Di cicale e anticorpi al tempo del coronavirus

Di cicale e anticorpi al tempo del coronavirus

L’hanno certamente raccontata anche a voi: la formica travet che d’estate accatastava provviste al canto della cicala e, giunto l’inverno, alla collega affamata che chiedeva un sostegno, rispondeva picche:
“Cosa hai fatto durante l’estate, mentre noi faticavamo per prepararci all’inverno?”
“Io? Cantavo e riempivo del mio canto cielo e terra!”
“Hai cantato? Adesso balla!”

L’ho sempre trovata odiosa. La formica, intendo.
Riempire di canto il cielo e la terra mi pareva un compito altrettanto prezioso per la comunità quanto accatastare provviste.
Avrei dovuto intuire già allora la considerazione sociale riservata agli artisti…

Non ci abbiamo messo molto a sigillare teatri, eventi culturali, musei e scuole.
Molto più cauti con centri commerciali, ristoranti, uffici, fabbriche e trasporti.

Di fronte alla necessità di imporre rinunce, l’analisi dei costi benefici ha espresso chiaramente la scala di priorità del paese.
Uno Shakespeare si può rimandare a tempi migliori, il carrello pieno no.
La formazione è un piccolo lusso, la produzione una necessità.
Gli insegnanti possono stare a casa, tanto fanno poco comunque, ma la working class, quella no, quella sorregge l’economia fragile di questo fragile paese.

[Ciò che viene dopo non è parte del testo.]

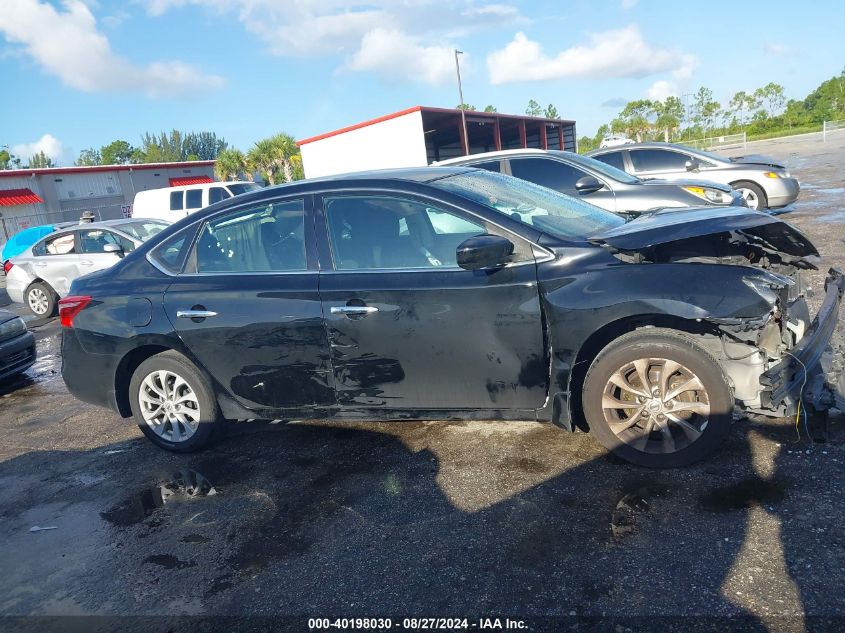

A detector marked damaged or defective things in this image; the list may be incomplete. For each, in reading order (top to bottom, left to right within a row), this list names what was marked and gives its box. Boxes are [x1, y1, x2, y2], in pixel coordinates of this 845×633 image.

E così, di fronte alla necessità di misure draconiane, è risultato chiaro che cosa può essere buttato per primo dalla torre.
Prendiamoci cura della cicala perché gli anticorpi alla paura – di un’epidemia, di un cambiamento, dell’altro – si fanno cantando.
In un teatro, nell’ascoltare musica, in una classe che commenta un libro o che visita un museo.
Prendiamoci cura della cicala perché per sfuggire al contagio di Firenze funzionò anche raccontarsi le storie del Decamerone, della peste di Tebe ricordiamo l’ostinazione di Edipo e di tante cose si muore prima di morire.

Se mandiamo gli artisti a ballare con la cicala, balleranno.
Speriamo solo che, ancora una volta, ci trascinino nella danza, almeno un po’.